Leonore Wigger
2013-Apr-10 16:51 UTC
[R] bnlearn: how to compute boot strength with mmhc and a blacklist
Dear R-help list:
I have two related questions regarding the functions boot.strength and
custom.strength in bnlearn.
1)
I am using the following commands (on a set of continuous data, the
example here run on fake data):
> myblacklist<-data.frame(from=c("x1", "x1",
"x1", "x2", "x2",
"x2")) , to=c("x2", "n3", "n4",
"x1"," n3", "n4"))
> result <- boot.strength(data, R=200, algorithm="mmhc",
algorithm.args=list(blacklist=myblacklist))
> bootstrength
from to strength direction
1 n3 n4 1.000 0.5
2 n3 x1 0.340 0.5
3 n3 x2 0.115 0.5
4 n4 n1 1.000 0.5
5 n4 x1 0.080 0.5
6 n4 x2 1.000 0.5
7 x1 n3 0.340 0.5
8 x1 n4 0.080 0.5
9 x1 x2 0.000 0.0
10 x2 n3 0.115 0.5
11 x2 n4 1.000 0.5
12 x2 x1 0.000 0.0
Question: I have specified a blacklist.
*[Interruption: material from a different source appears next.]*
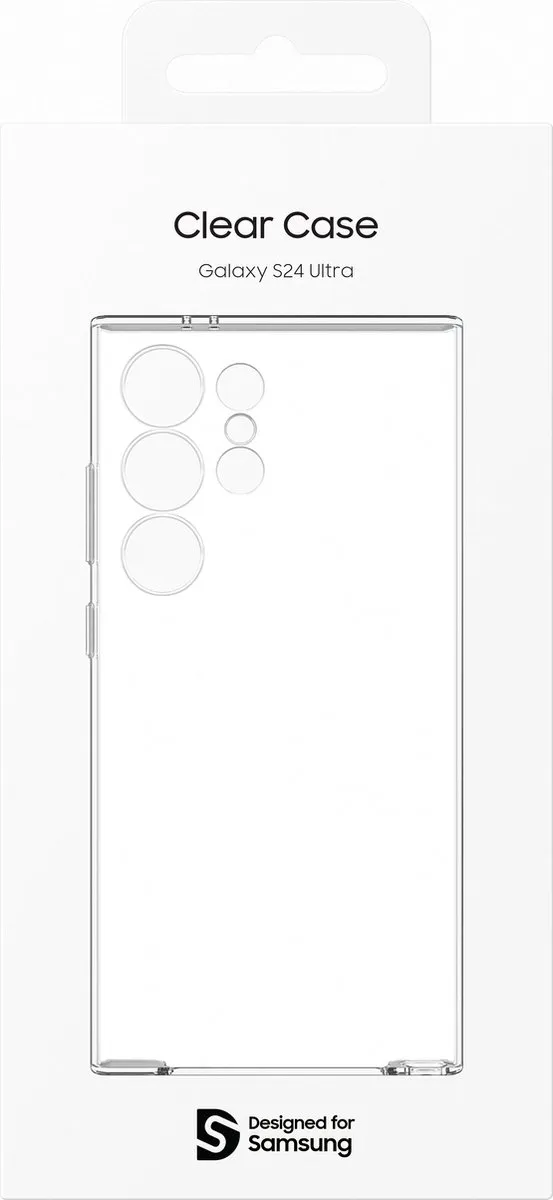 Samsung Clear Case GP-FPS928SAATW - Galaxy S24 Ultra - Transparant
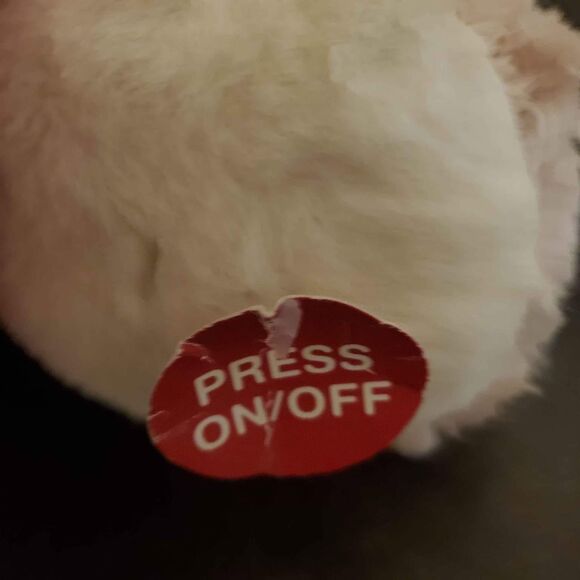 Twas the night before Christmas Bear 10"  Reads The Night Before Christmas - Picture 3 of 4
I would have expected this to
completely disallow the arcs on the blacklist. But the result shows that
some of the blacklisted arcs have a strength > 0 (rows 7,8,10,11). It
seems that only the arc that was blacklisted in both directions was
actually banned (x1-x2, in rows 9 and 12). What is the reason for this?
Is there a way to completely disallow all blacklisted arcs, such that
their strength is 0.0? Or is there a compelling reason why that should
not be done?
2) In the documentation of custom.strength, the following code example
is given:
start = random.graph(nodes = names(learning.test), num = 50)
netlist = lapply(start, function(net) { hc(learning.test, score =
"bde",
iss = 10, start = net) })
arcs = custom.strength(netlist, nodes = names(learning.test), cpdag = FALSE)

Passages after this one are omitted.